Required action
Drop the images. Copy every line below character for character.

Brief descriptive captions
● ● ● ●

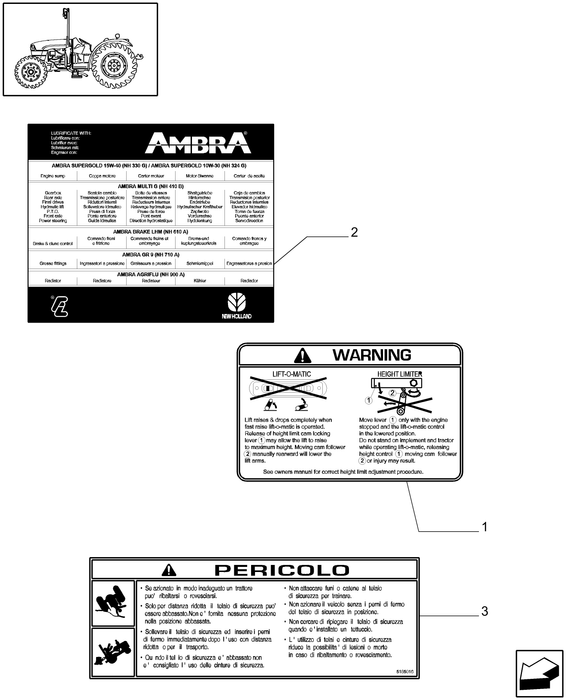 TN95A DECAL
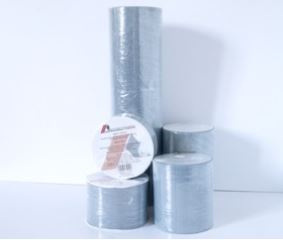 Roofbond® - bandes butyle complexé d'une couche d'aluminium résistant au uv_1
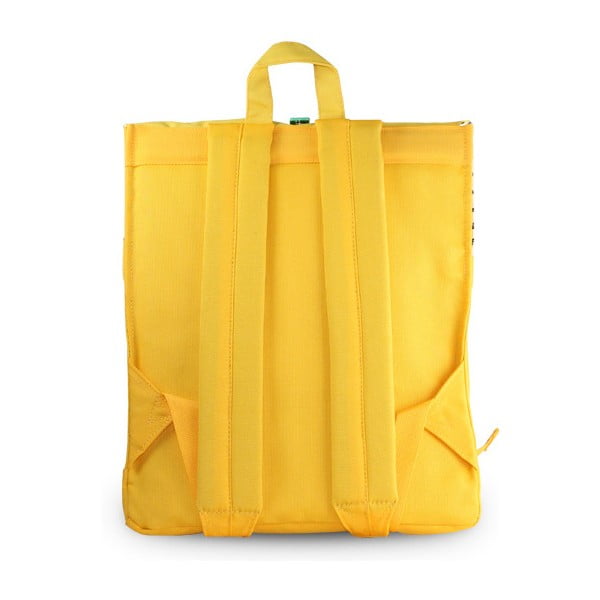 Rucsac Natwee Yellow-image-2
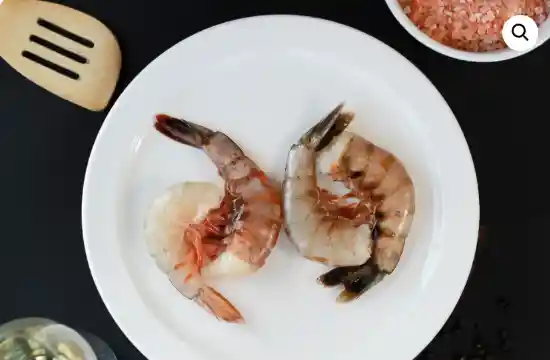 Langostino Con Cáscara Mediano Talla 16-20 X 2500 G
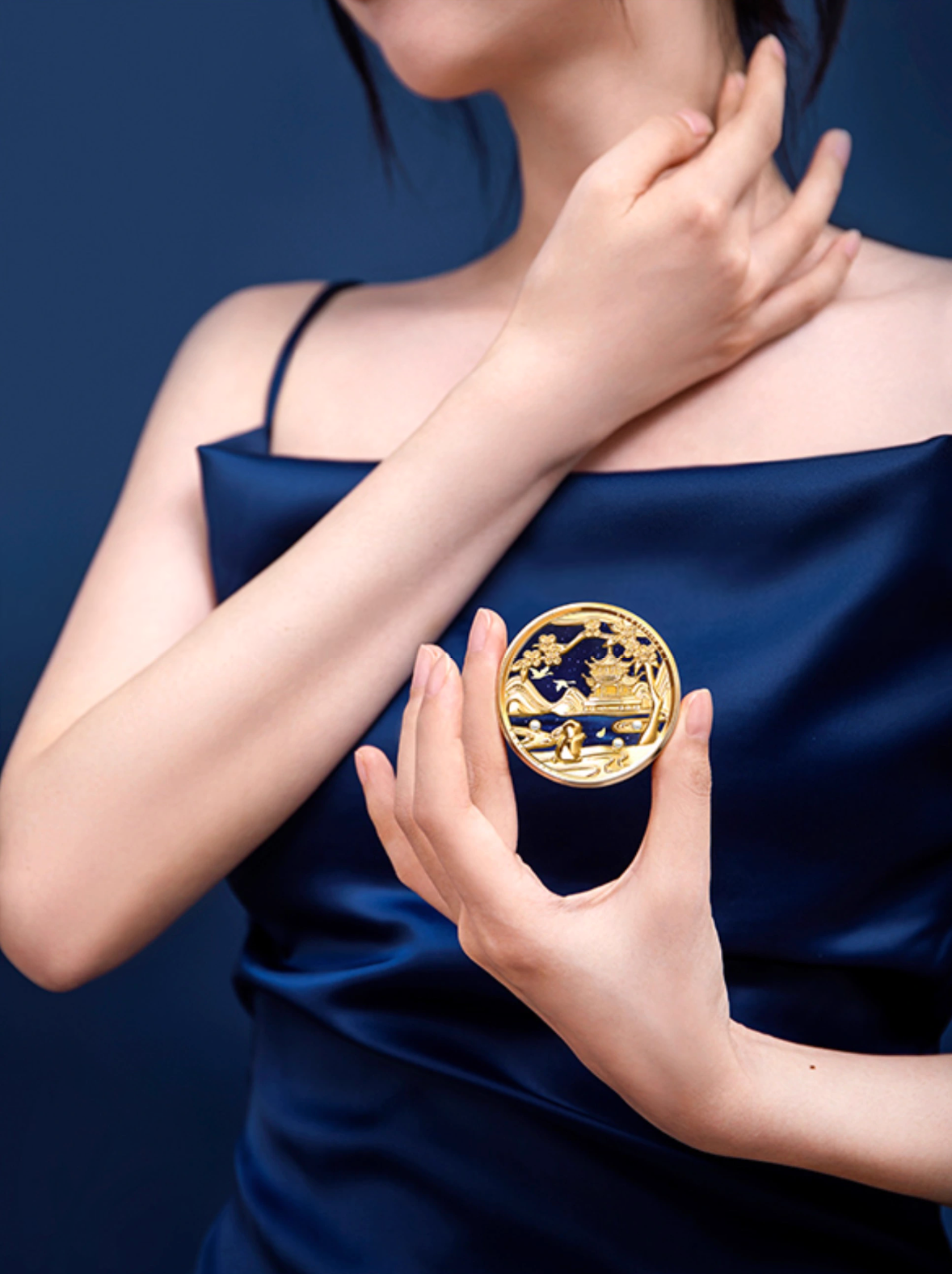 Moonlit Fragrance Balm Gift Set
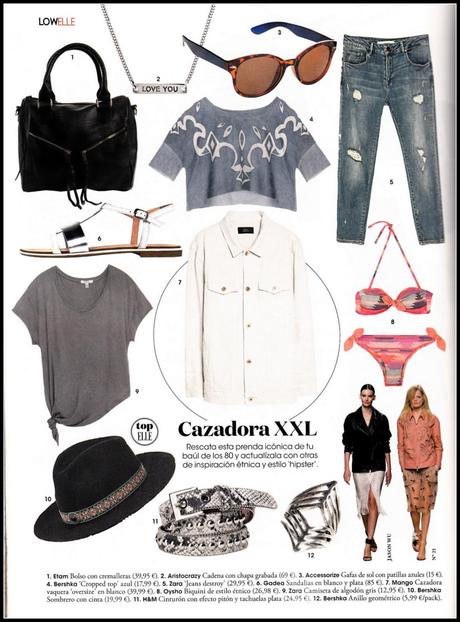 El rincón de ELLE: tendencias, el trío ganador del verano y más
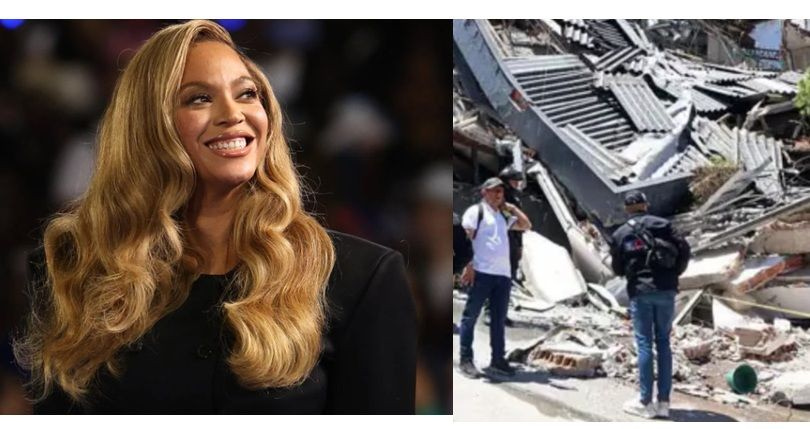 Beyoncé: Προσφέρει 1 εκατ. δολάρια στους πληγέντες του σεισμού στην Κολομβία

● ● ● ●

Solution
 TN95A DECAL
 Roofbond® - bandes butyle complexé d'une couche d'aluminium résistant au uv_1
 Rucsac Natwee Yellow-image-2
 Langostino Con Cáscara Mediano Talla 16-20 X 2500 G
 Moonlit Fragrance Balm Gift Set
 El rincón de ELLE: tendencias, el trío ganador del verano y más
 Beyoncé: Προσφέρει 1 εκατ. δολάρια στους πληγέντες του σεισμού στην Κολομβία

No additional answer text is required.